Lenz, nella sua proposta originale, suggerì che gli atomi di-polari in un cristallo possono essere liberi di ruotare intorno a una posizione di riposo. Lenz, descrivendo il modello, parte da due posizioni di partenza, associate a due angoli "estremi", \(\alpha = 0\) e \(\alpha = \pi\). Tenendo conto della struttura cristallina, se alle posizioni intermedie sono associate valori alti di energia, allora queste posizioni avranno una bassa probabilità di essere occupate e quindi i processi di ribaltamento dello spin (detti da Lenz processi di Umklapp) si verificheranno piuttosto raramente. Quindi il magnete si troverà, in media, in ciascuna delle due posizioni estreme contemporaneamente (ovvero ciascun sito del reticolo avrà o spin su o spin giù)(3).

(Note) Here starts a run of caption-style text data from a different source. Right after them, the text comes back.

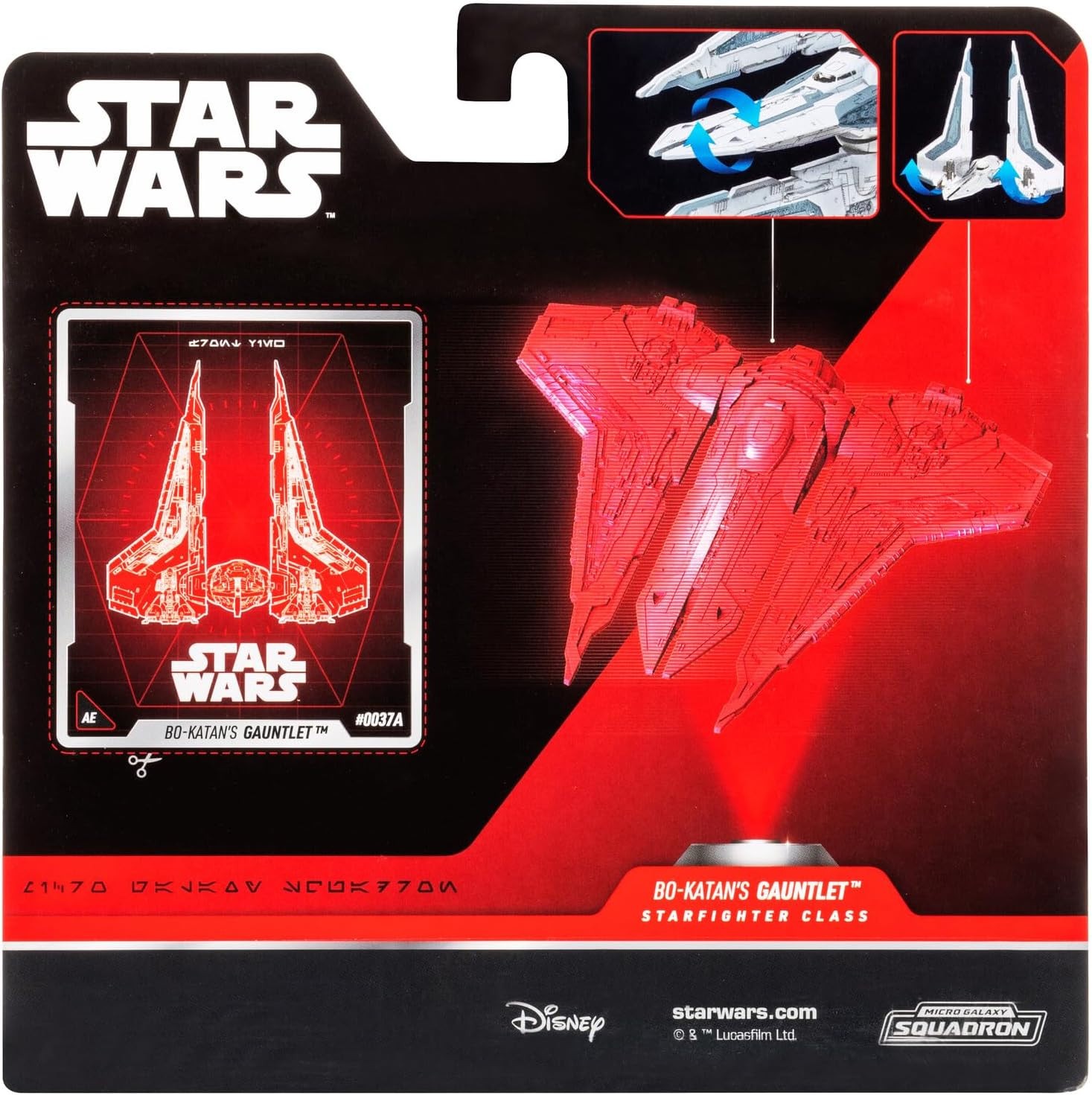 S06 #0037A Star Wars Micro Galaxy Squadron Bo-Katan’s Gauntlet Fighter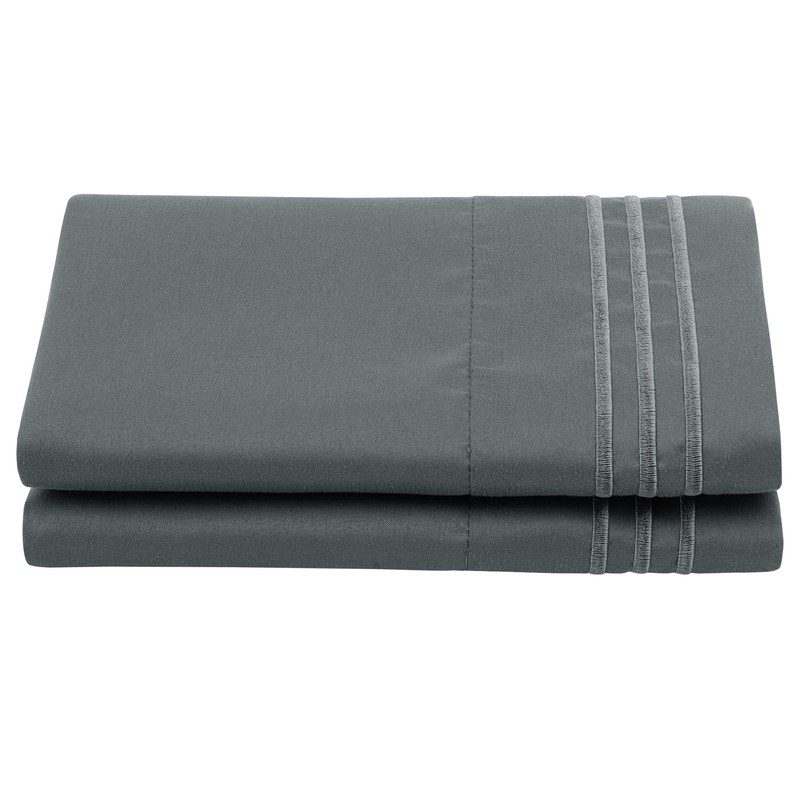 PiccoCasa Brushed Microfiber Pillowcases 2 Pack Soft Breathable Pillow Covers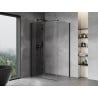 Mexen Mist-F foldable left shower cabin 115 x 120 cm, transparent, black - 8A6T-115-120-70-00-L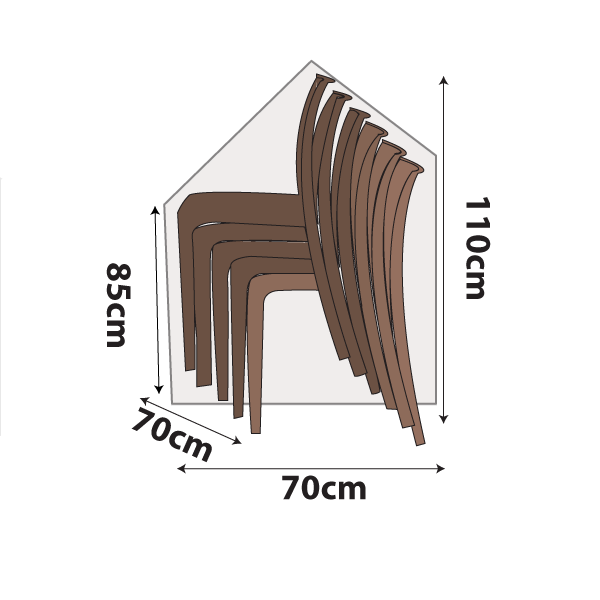 premium outdoor uv & rain storage furniture cover for stacking patio chairs - buy online coverworld australia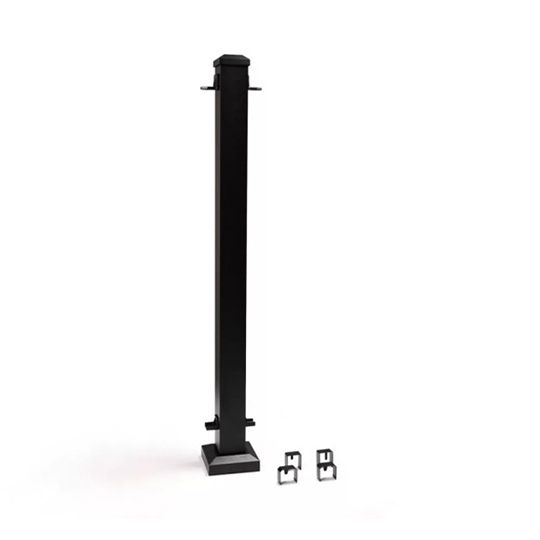 Trex 2.5" x 2.5" Select Aluminum Rail Line Post — TRXSLPA2537BK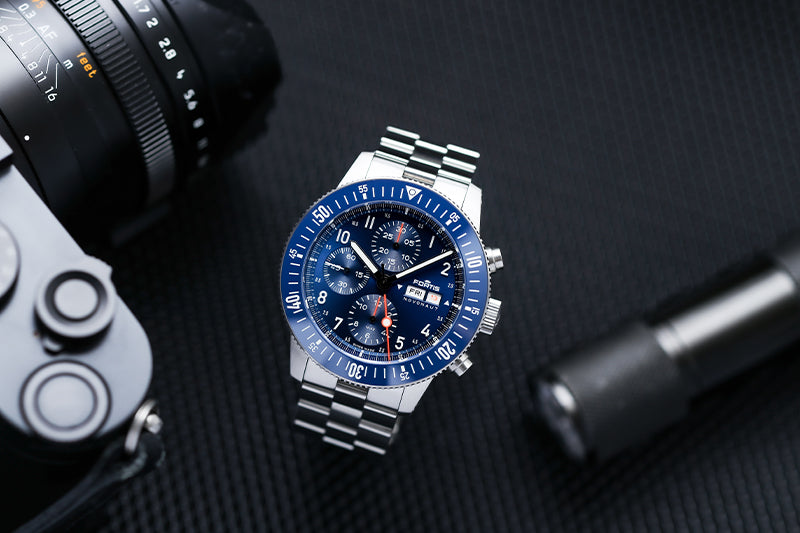 フォルティス(FORTIS)/ ノボノート N-42 コバルトブルー 腕時計 F2040012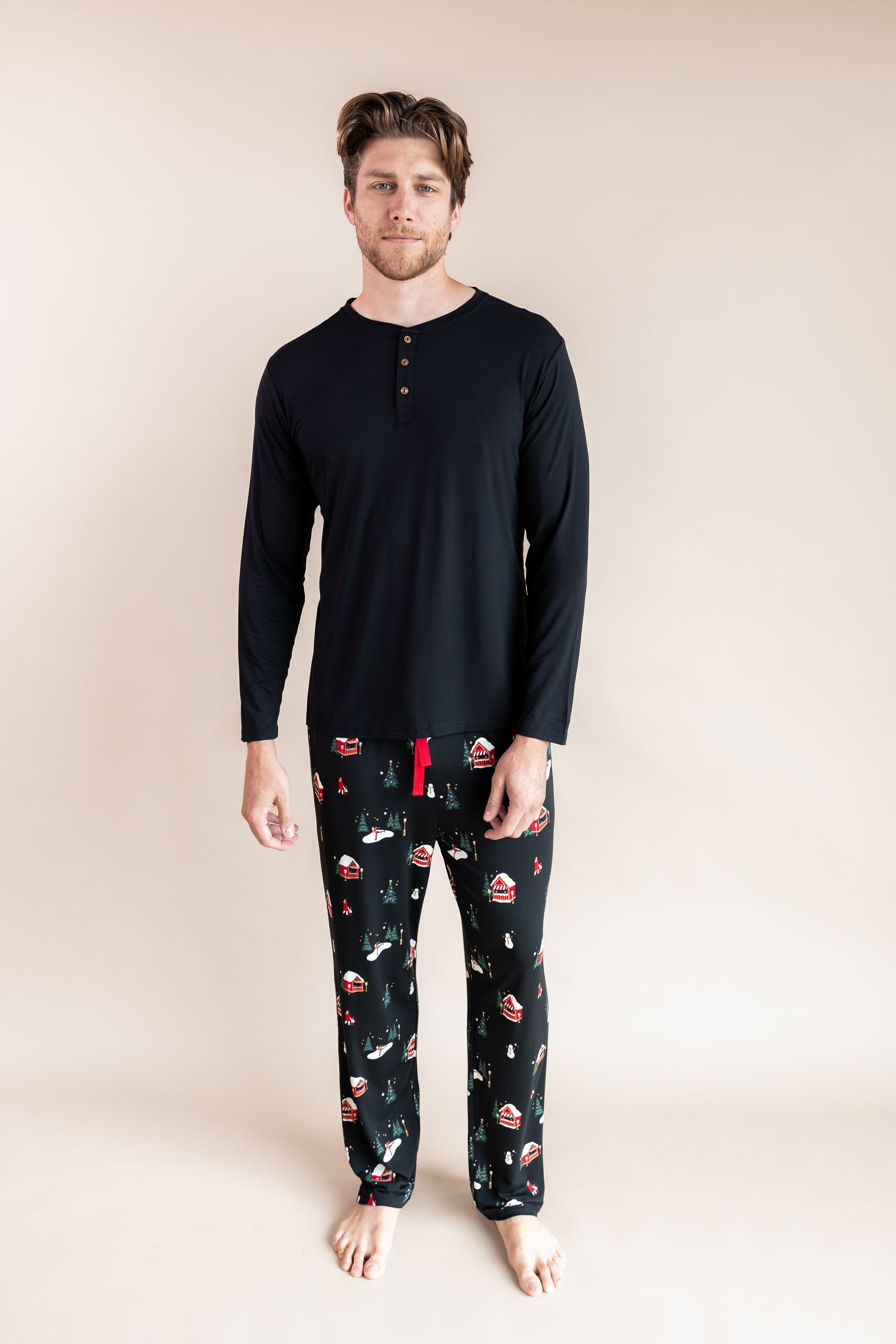 Men's Lounge Pants in Winter Wonderland
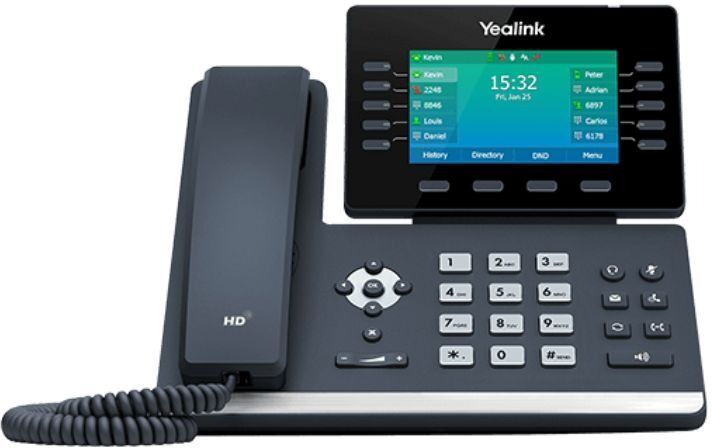 Yealink T54W reconditionné Téléphone de bureau IP professionnel avec 16 comptes SIP, écran couleur de 4,3″, Bluetooth, Wi-Fi et USB 2.0.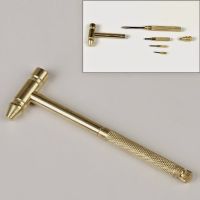 XHLXH Detachable Home Tool Hammers Metal Copper Multifunction DIY Tools Repair Kit Jewelry Walnuts Hammer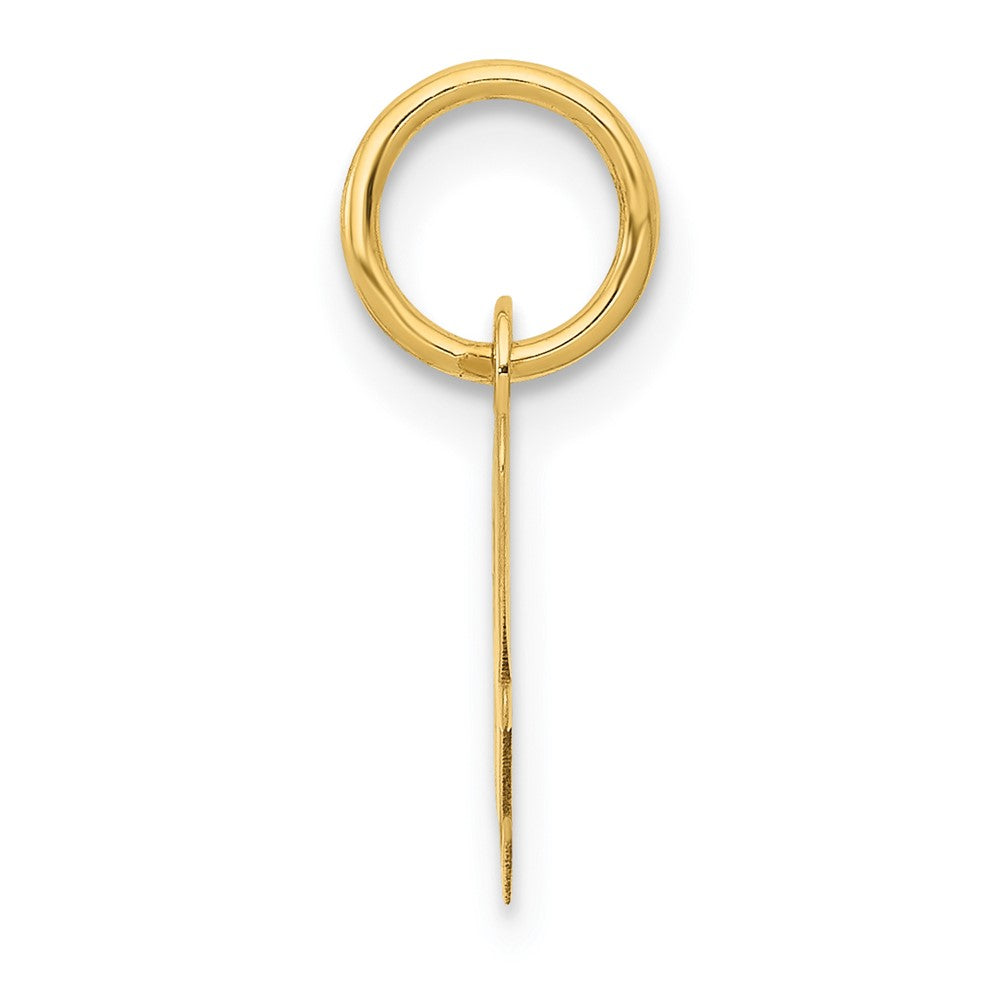 10K / 14K Yellow Gold Small Script Initial A Charm - Product Photo
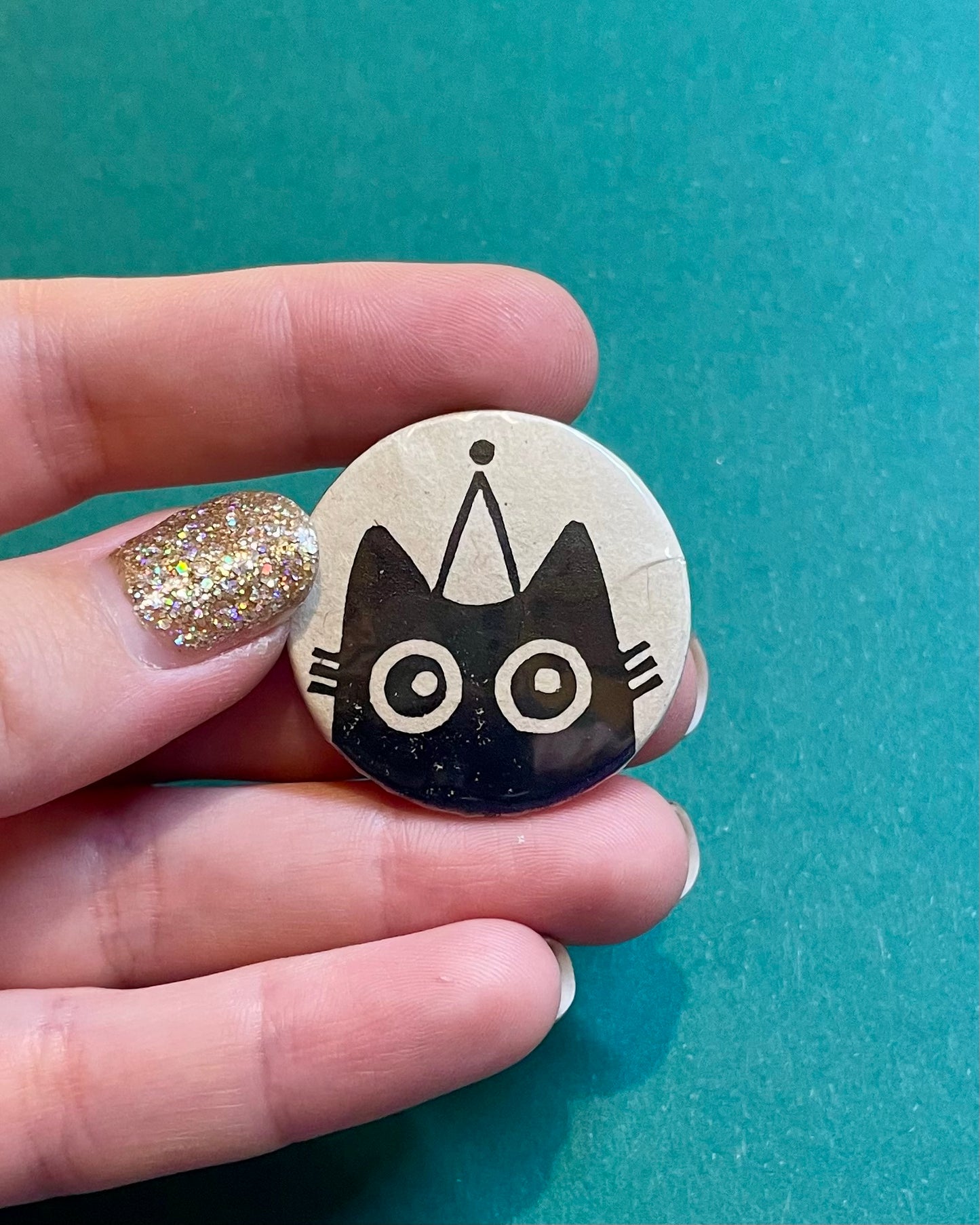 Party Cat Badge
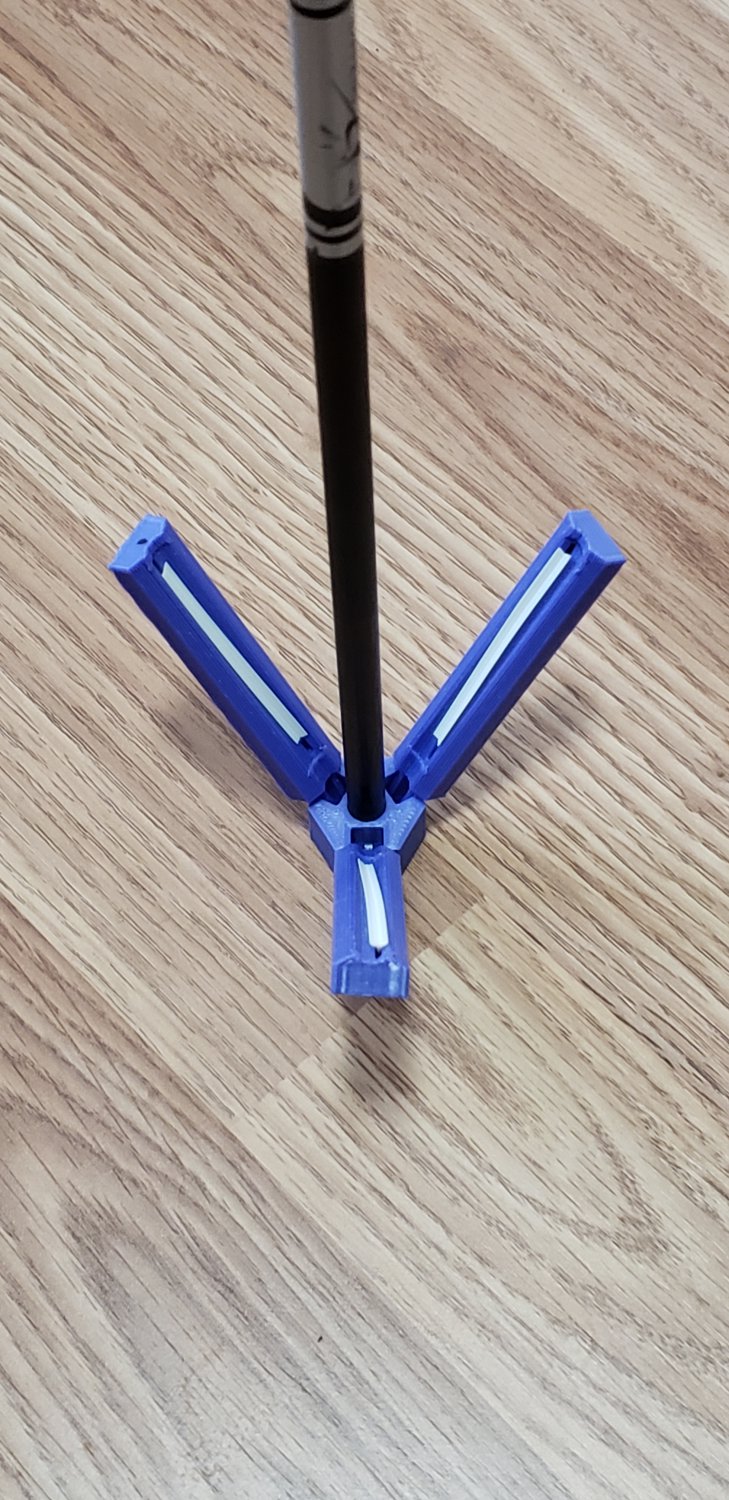 3 Fletch 300350 spine (7.8mm) 2" Vane Fletching jig 3 degree Right Helical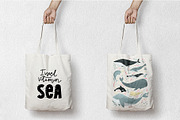 WHALES & another ocean creatures, an Animal Illustration by Alina Mubarak (Thumbnail 8 of 12)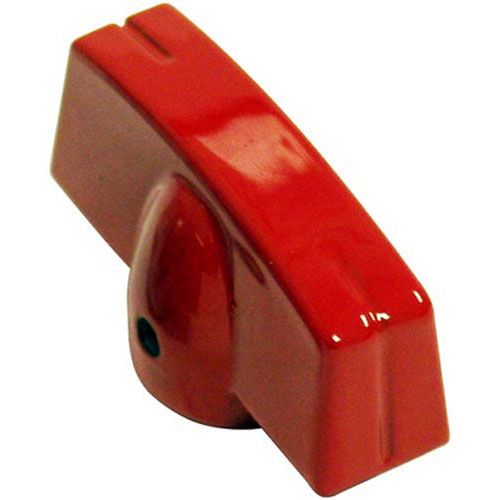 Vulcan Hart VH402958 Red Color Aluminum Knob, 1-7/8" X 7/8", Mount 3/8" Round, .240" Flat D Hole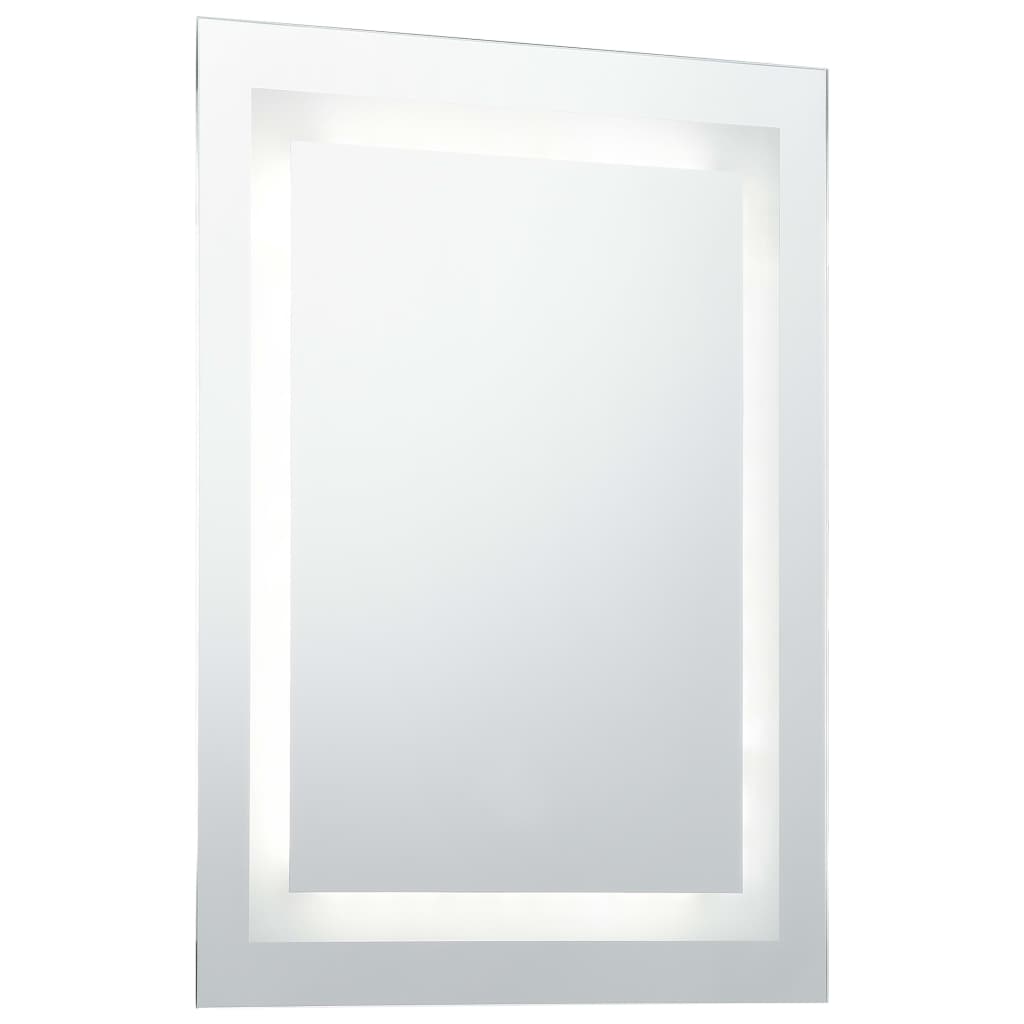 Miroir de salle de bain Vidaxl LED avec capteur tactile 60x100 cm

In presenza di un campo magnetico esterno, che per semplicità presumiamo essere nella direzione della posizione nulla, questa equivalenza delle due posizioni scomparirà, e si ha, secondo il principio di Boltzmann, un conseguente momento magnetico della barra del magnete a temperatura T.
Per i corpi ferromagnetici, oltre alla dipendenza della suscettibilità dalla temperatura, si deve prima prima di tutto spiegare la magnetizzazione spontanea, come si osserva nella magnetite e nella pirite.
Se si assume che nei corpi ferromagnetici l'energia potenziale di un atomo (magnete elementare) rispetto ai suoi vicini sia diversa nella posizione nulla e nella posizione (x), sorge una (...) magnetizzazione spontanea.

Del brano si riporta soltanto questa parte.